FROM FUZZY SYSTEMS TO FUZZY NETWORKS


Professor Alexander Gegov
University of Portsmouth
School of Computing
Buckingham Building
Portsmouth PO1 3HE
United Kingdom
E-mail: alexander.gegov@port.ac.uk
http://userweb.port.ac.uk/~gegova/

Abstract: The lecture will present some novel ideas and results in fuzzy networks – an emerging research area that has been recently pioneered and promoted by the presenter. The most common attribute of a fuzzy system is a ‘black box’ model in the form of a single large rule base with poor transparency of the rules. As opposed to this, a fuzzy network is characterised by a ‘white box’ model in the form of multiple smaller rule bases with good transparency of the rules. Also, a fuzzy network is a more accurate model of a complex process than a fuzzy system due to the ability of the multiple smaller rule bases to reflect explicitly all subprocesses and the interactions among them. This superiority in terms of improved transparency and higher accuracy does not come at the expense of reduced efficiency as any fuzzy network can be transformed into an equivalent fuzzy system entirely off-line.

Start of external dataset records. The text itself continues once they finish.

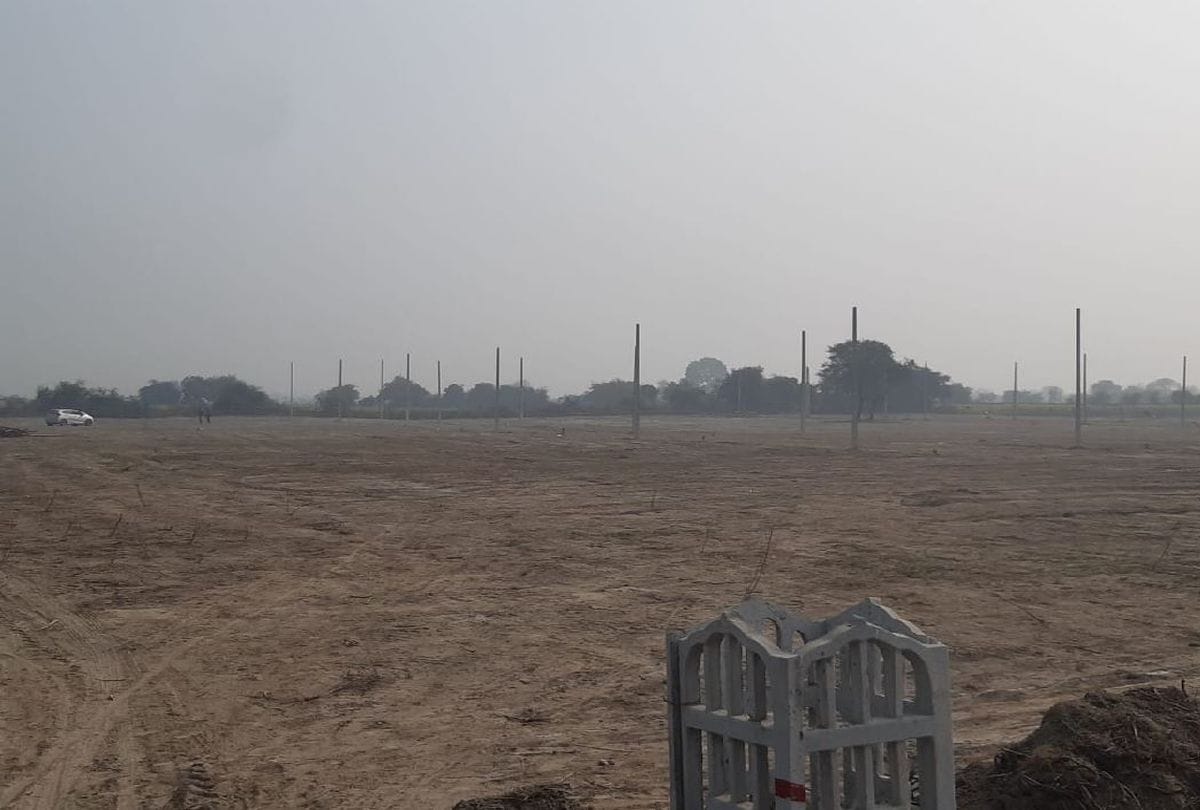 vrindavan kumbh mela latest update mathura news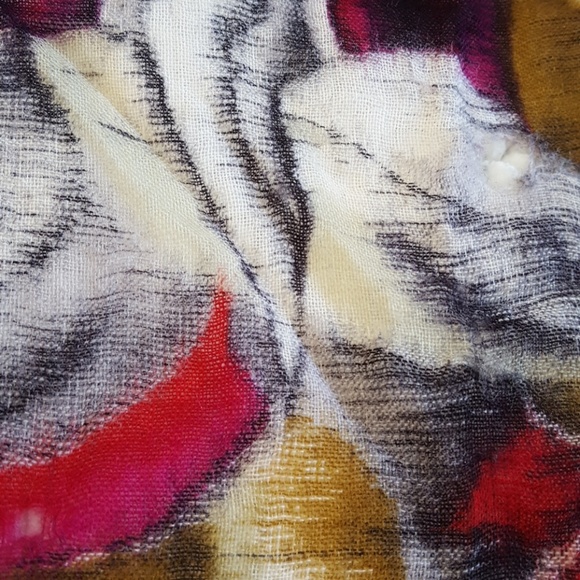 Vintage scarf - Picture 2 of 3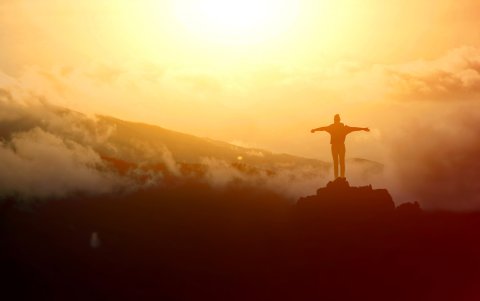 Hoy prefieres tu espacio y eso también es válido.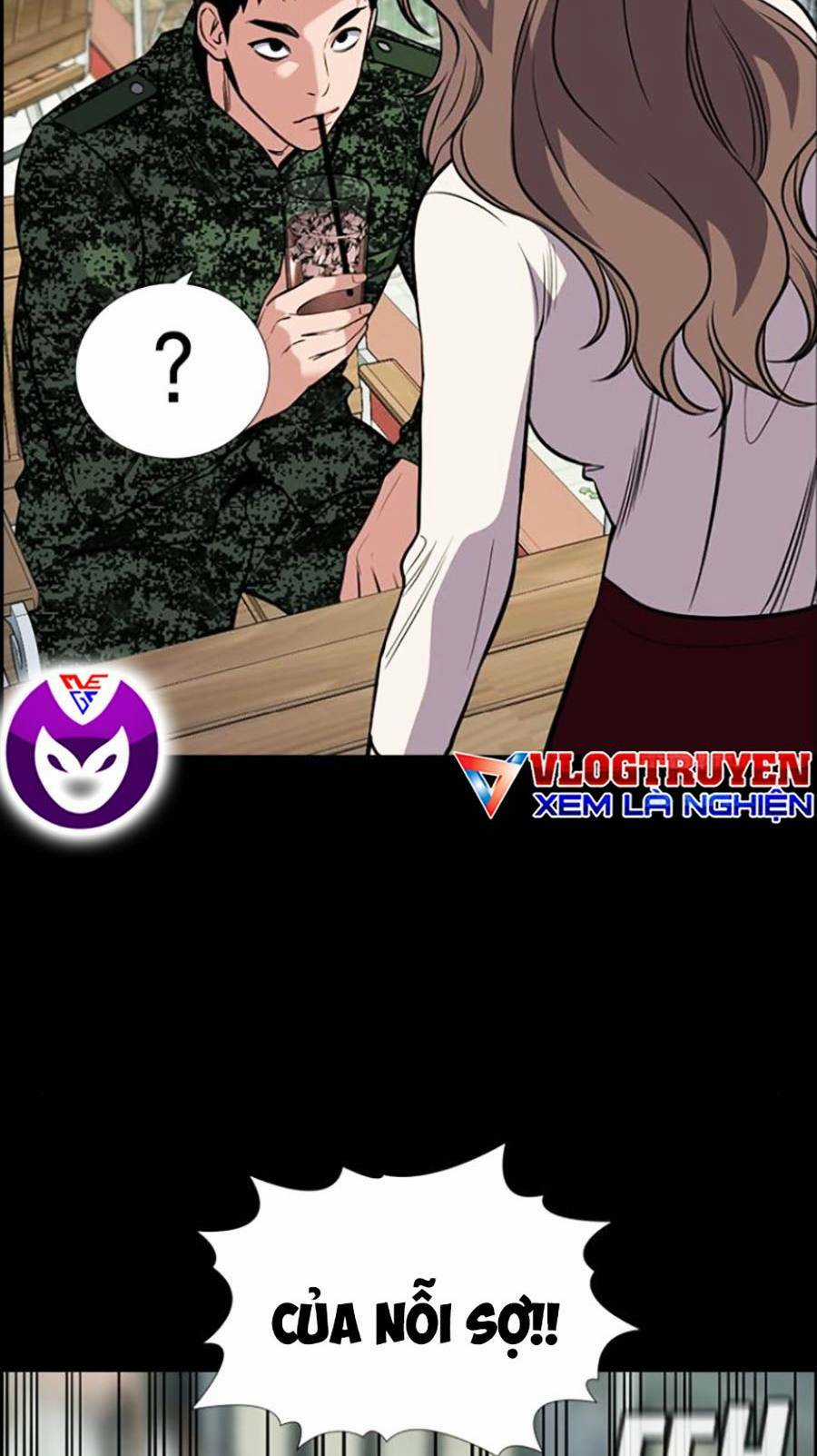 Giáo Dục Chân Chính - Get Schooled Chapter 100 trang 69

The following topics will be highlighted in the lecture:

  • capabilities of fuzzy logic, fuzzy systems and fuzzy networks to deal with uncertainty, non-linearity and topology in complex systems,

  • problems of fuzzy rule based systems,

  • foundations of fuzzy rule base networks,

  • mathematical modelling of nodes and connections in fuzzy networks by means of Boolean matrices, binary relations, incidence matrices and adjacency matrices,

  • formal operations in fuzzy networks such as horizontal, vertical and output merging and splitting of nodes,

  • structural properties of fuzzy networks such as associativity of horizontal, vertical and output merging and permutability of output splitting,

  • analysis and synthesis of feedforward and feedback fuzzy networks,

  • comparison between fuzzy networks and fuzzy systems in terms of accuracy, efficiency and transparancy,

  • theoretical importance, application areas, future developments and related research for fuzzy networks.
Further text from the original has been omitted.